PROVIDED MATERIAL

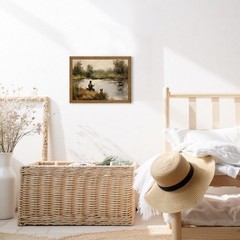 Serene Fishing Scene Wall Art for Nature Lovers, Rustic Wood Framed Wall Deco…
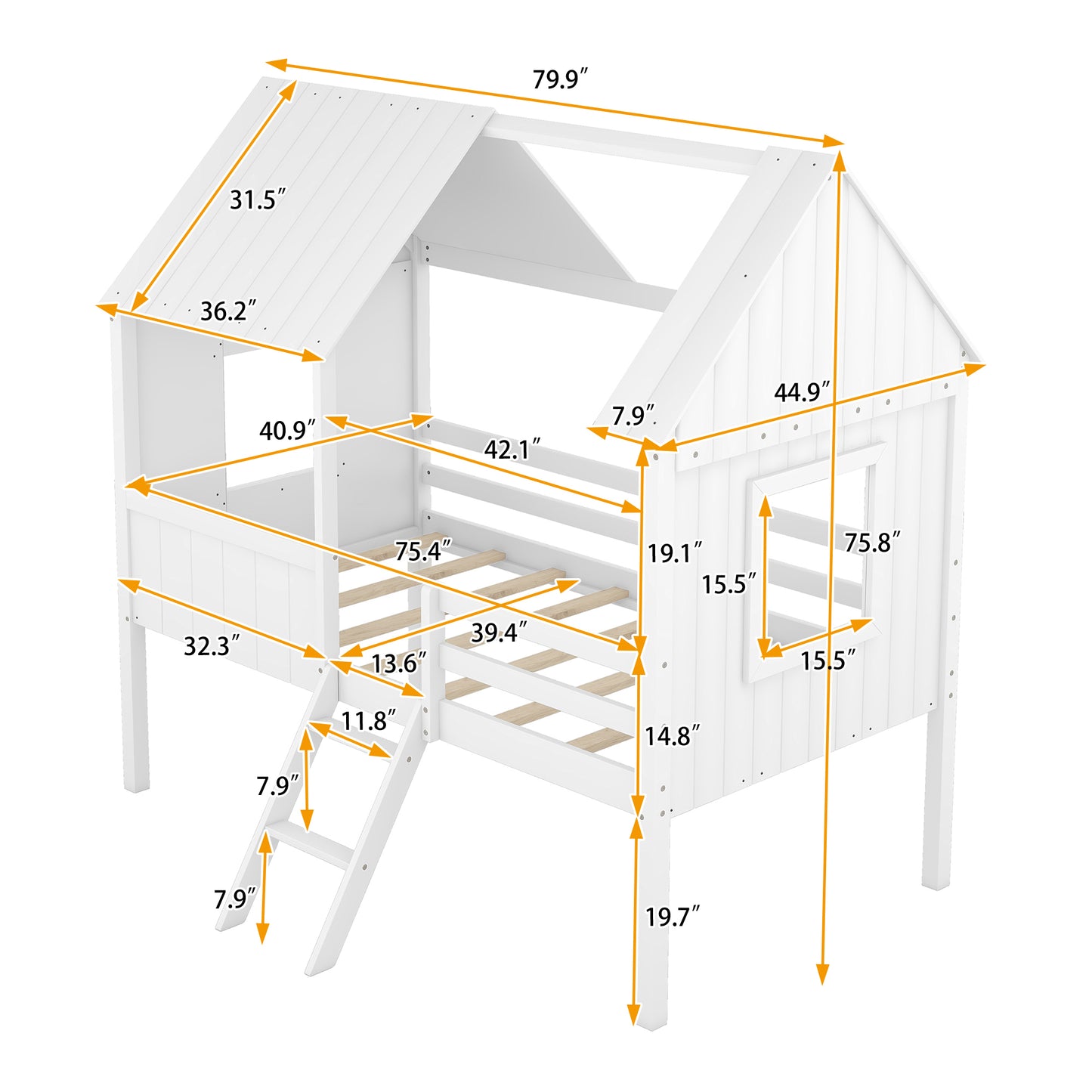 Twin Size Low Loft Wood House Bed with Two Side Windows  (White)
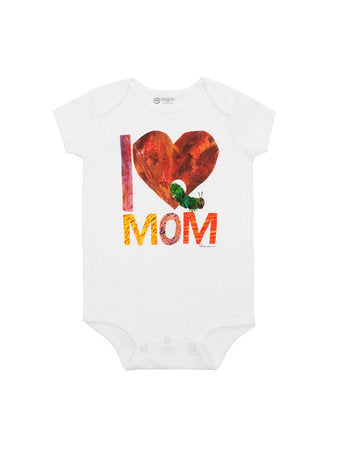 World of Eric Carle: I Love Mom Baby Bodysuit - White baby bodysuit with colorful "I Love Mom" graphic featuring Eric Carle art, unique handmade Canadian gift.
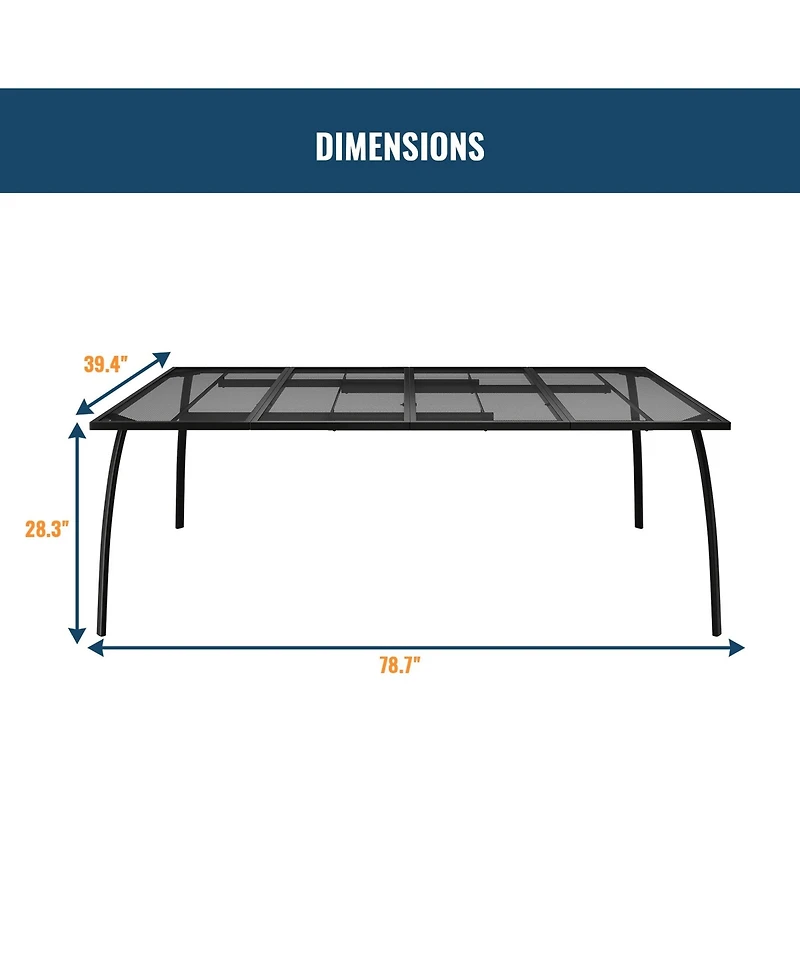 in Rectangle Metal Patio Outdoor Dining Table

WHAT NEEDS TO BE DONE
Could the listing above be transcribed exactly, with the pictures left out?

WRITTEN ANSWER
 Serene Fishing Scene Wall Art for Nature Lovers, Rustic Wood Framed Wall Deco…
 Twin Size Low Loft Wood House Bed with Two Side Windows  (White)
 World of Eric Carle: I Love Mom Baby Bodysuit - White baby bodysuit with colorful "I Love Mom" graphic featuring Eric Carle art, unique handmade Canadian gift.
 in Rectangle Metal Patio Outdoor Dining Table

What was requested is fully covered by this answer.